Cerebral Flotsam And Jetsam - My Mental Maelstrom

08
Dec
2020
17:06

Michael Against The Machine

I previously released a silly video in which I sang the outro of “Killing In The Name” by Rage Against the Machine in the style of Michael McDonald. I had a non-zero number of people on the internet say they wanted the full cover. At first, I thought that maybe they think they want the full cover but that in reality it wouldn’t be as funny or hold up for that long. I was wrong.

While I initially had my doubts whether a full cover could live up to a silly 30 second piece of absurdity illustrating what it might sound like if Michael McDonald and Rage Against The Machine were accidentally fused in a transporter accident, as I would be lying in bed trying to sleep, ideas would start coming to me.

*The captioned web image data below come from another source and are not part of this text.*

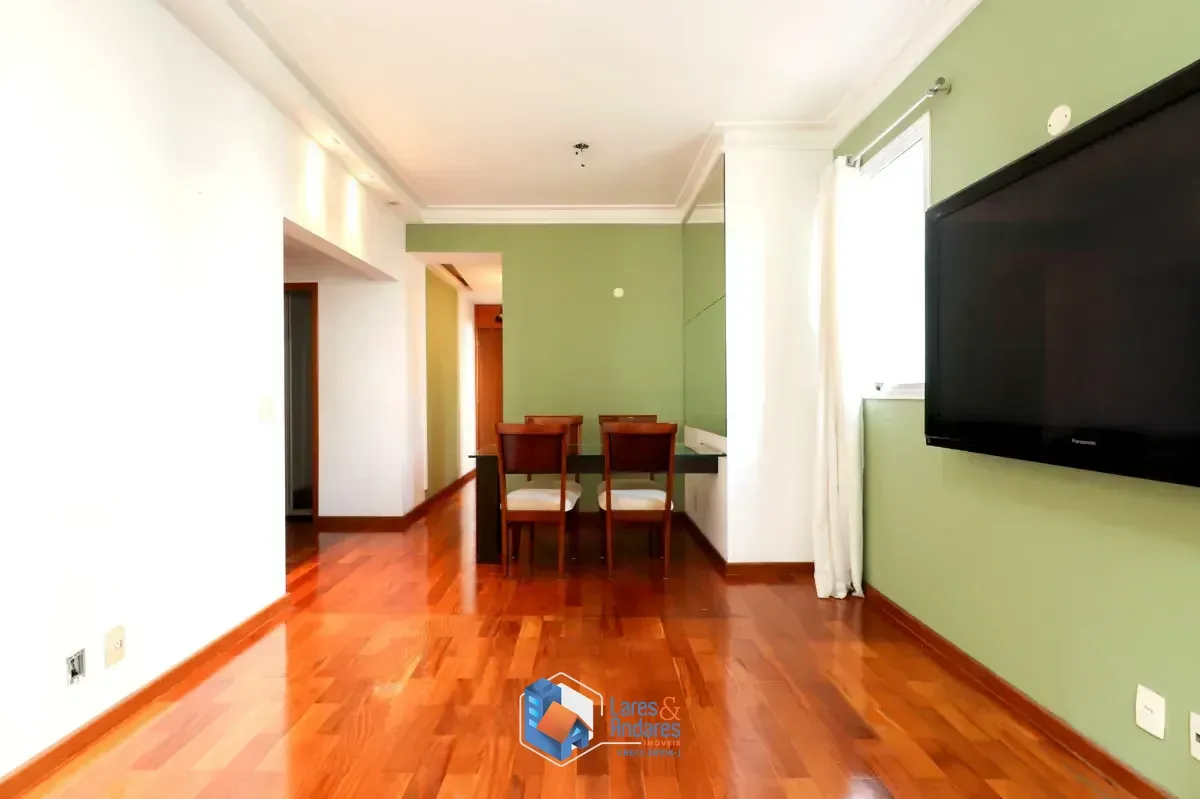 Imagem Apartamento para venda em Vila Mariana com 3 quartos, sendo 2 suítes, 100m²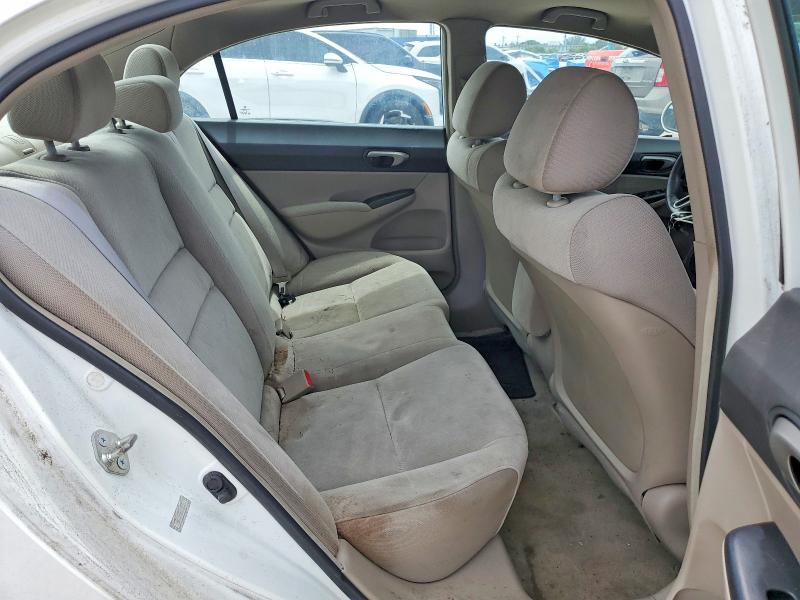 Aukcja sprzedaży 2010 Honda Civic, vin: 19XFA1F58AE086456, numer aukcji: 56262966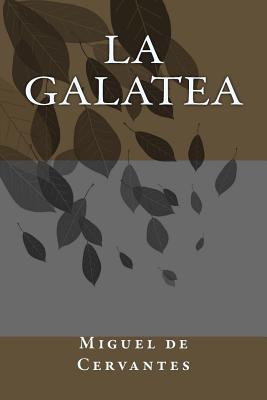 La Galatea Cover Image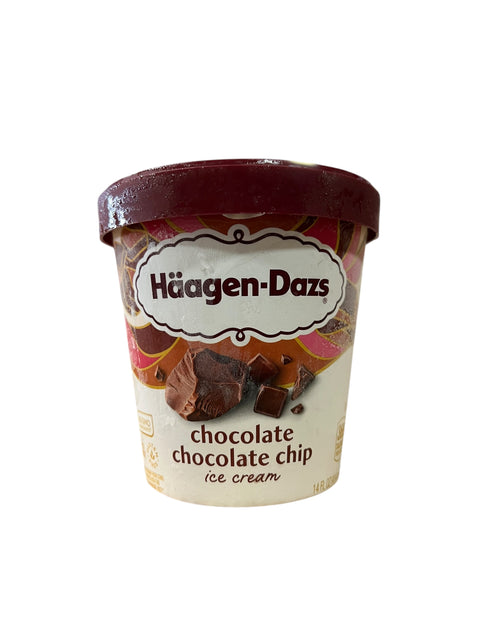 Haagen Dazs (14oz)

More and more ideas. Until I knew I had to be the conduit through which this alternate dimension cover came into creation.

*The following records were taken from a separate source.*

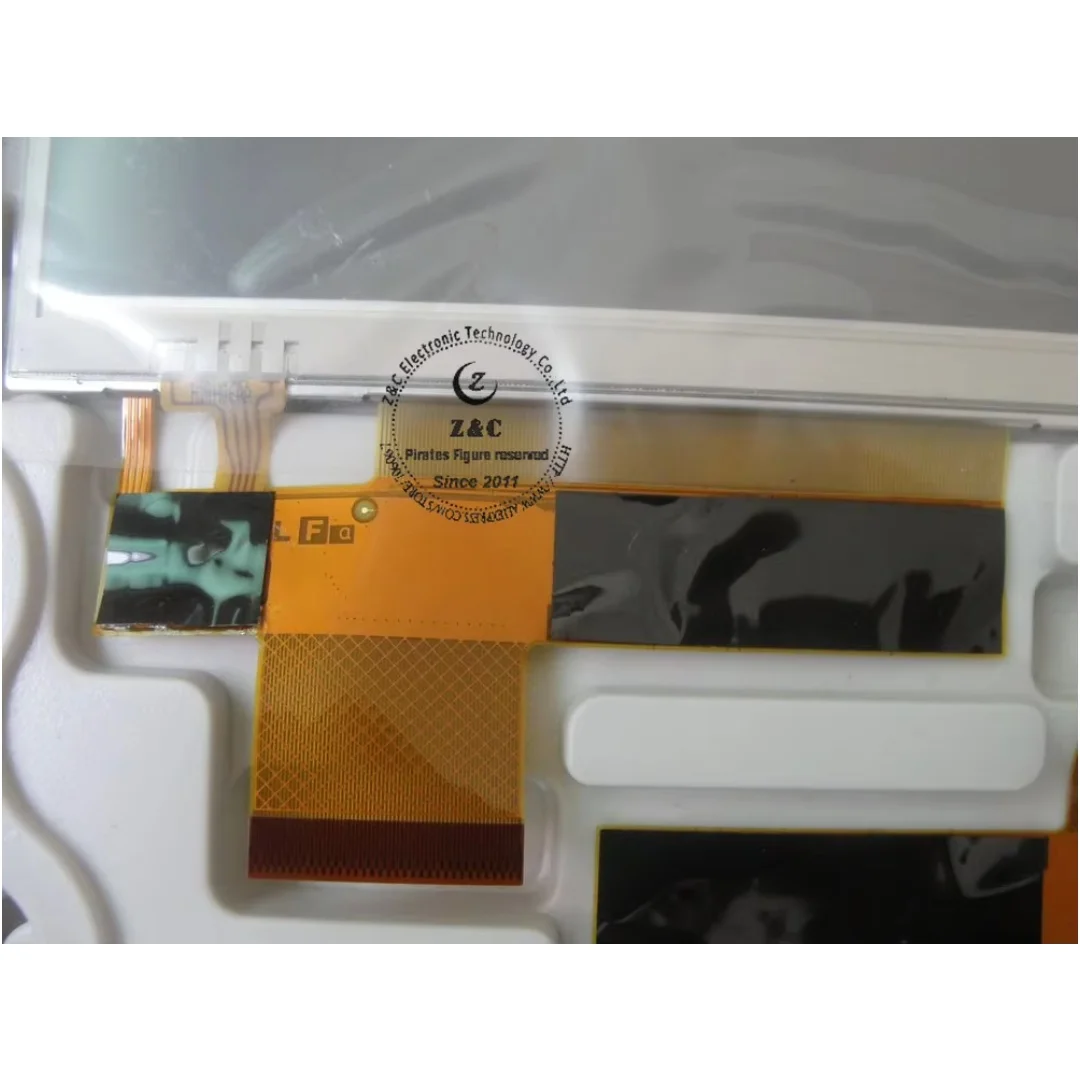 LQ048Y3DG01 Brand New original 4.8 Inch 800*480 LCD Display for Car GPS/ MP4 PMP for Sharp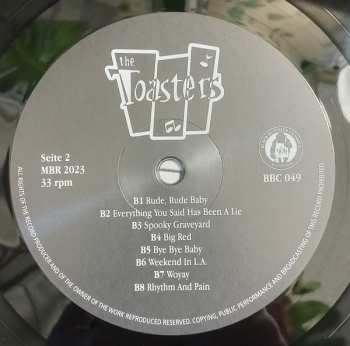 LP The Toasters: Don't Let The Bastards Grind You Down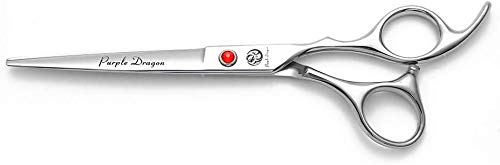 7" Sharp Edge Hair Cutting Shears with Bag (7 inch)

I present to you, all 4 minutes and 16 seconds of this glorious abomination. In case you aren’t familiar with the original song, PROFANITY WARNING during the outro. It’s also way more enjoyable if you are familiar with the original.

"Eternal" Cover Art
23
Nov
2020
16:13

New Song Alert: “Eternal”

NEW SONG! WOOOOO!Here it is! The new collaboration with Andrew L. Hunter, one of my best friends for almost 40 years. We’ve come a long way since the days of spending the night at my house and making up silly songs on a cassette recorder. As usual, Andy sent me the synth tracks, lyrics, and a melody and let me take it from there. To my ears, this is what happens if you you put Genesis, Duran Duran, David Bowie, and The Police in a blender and add a dash of that personal seasoning and a melange of other influences. Available on Bandcamp, Reverbnation, and soon coming to all major streaming and purchase platforms.

"Eternal" Cover Art
“Eternal” Cover Art by Andrew Hunter
12
Nov
2020
20:59

Ologies Podcast “Behind The Music”

Nick Thorburn of the band Islands composed the theme song for the wonderful “Ologies” podcast. Here we see some behind the scenes footage of one of the hottest studio musicians that Nick brought in to record.

Nick eventually opted to go instrumental after a falling out with his lyricist. Here’s rare footage of the original vocal track.

12
Nov
2020
20:55

Guitar Hero

Sometimes you get a really silly idea. Then you go to execute that idea and it’s way harder and more involved than you thought, but you’re committed and make it happen. I commit to my absurdity. Music written by Foreigner (Jukebox Hero).

12
Nov
2020
20:52

The Solo From “Wait” By White Lion

I feel like things that I learned during my younger years are more “sticky.” Songs I haven’t played in 30 years will come right back while on the other hand stuff I’ve learned more recently I have to refresh far more often if I want to remember it.

From the moment this song came out, I loved this band, the guitarist, Vito Bratta, and specifically this song and this solo. It was another major landmark in my guitar journey. Much to my surprise, when I decided on a whim to play this tonight, it took no refreshing. A few passes through it and it was right there, still permanently stored in the mental archives.

31
Oct
2020
18:06

Existential Crises

For a long time now I’ve battled with the dichotomy of my chosen careers, specifically the acting world. Acting is one of the things that fulfills me like little else. I feel completely in my element, satiated on the deepest spiritual level, and like it is one of my prime purposes for existence. I can’t imagine ever being completely happy without it in my life.

And yet, the reality is that it also causes me great unhappiness for what may be a majority of the time. It fairly constantly makes me feel “not enough,” “not as good as,” and makes me wonder what is wrong with me that I can’t see that keeps people from loving me more.

Luckily, I am a very self-aware person who has traveled far on my perpetual spiritual journey, and I know that those feelings are all ego-based. Unfortunately, that doesn’t mean I have a solution or am able to not feel them. Every day I have the internal argument of thinking that if something causes that much internal strife, then maybe it’s something you should remove from your life, and yet I just can’t imagine doing that and being even remotely happy. It’s a quandary.

So I just try to take my own advice of “Keep your head down and do good work,” and continue working on myself, being present, letting go of ego, and just trying to better tomorrow than I am today. It’s just strange that something can feel so a part of me, so necessary to feed my soul, and yet make me so happy and unhappy simultaneously. She’s a strange mistress, the muse.

Album cover to Sugarbomb album, Bully.
15
Sep
2020
2:06

Dream Theatre 59

In this dream I had secured a dream of a gig for me (no pun intended). I was going to play guitar for Butch Walker, one of my biggest musical influences and inspirations, for a gig. We had convened for a couple of rehearsals at his rehearsal space, and on the second (and last) day of rehearsals, I thought a couple of my guitars might be missing. In this dream logic, I couldn’t quite be sure because there were so many guitars hanging from racks, that going through them was like going through lots of tightly packed shirts in a closet, so I wasn’t positive that my guitars were missing, but I was pretty sure.